» About this task
Each entry below should be returned exactly as is, with the pictures removed.
── Data excerpts ──
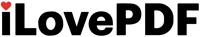 iLovePDF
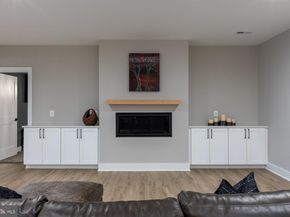 6884 Churchill Road, Mclean VA 22101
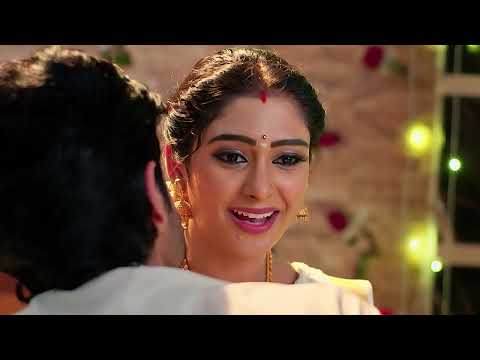 Devathalaara Deevinchandi - Ep 377 - Chitra Sakkari - Telugu Tv Serial - Zee5 Telugu Classics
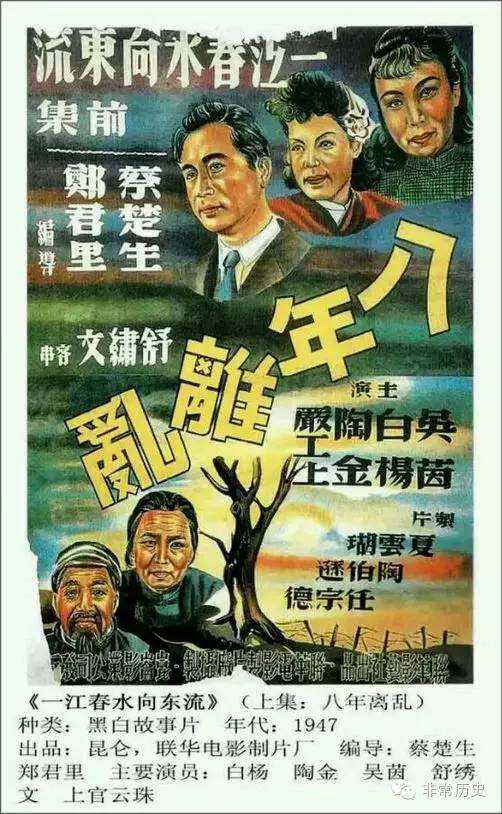 房产证加名字是共同财产吗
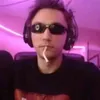 heortf7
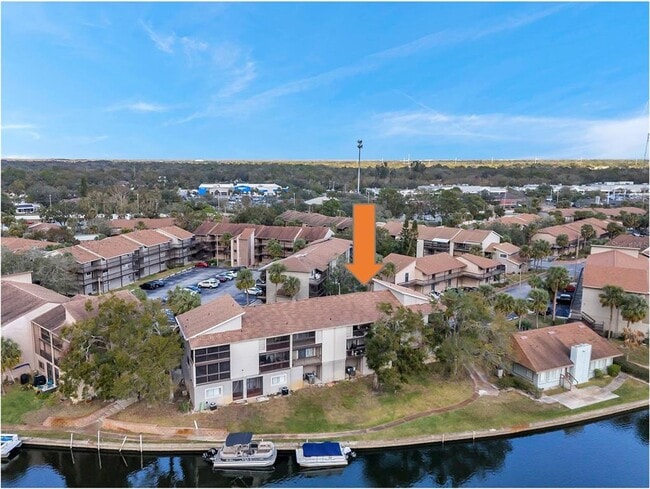 Building Photo - 6311 Newtown Cir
───
» Answer box
 iLovePDF
 6884 Churchill Road, Mclean VA 22101
 Devathalaara Deevinchandi - Ep 377 - Chitra Sakkari - Telugu Tv Serial - Zee5 Telugu Classics
 房产证加名字是共同财产吗
 heortf7
 Building Photo - 6311 Newtown Cir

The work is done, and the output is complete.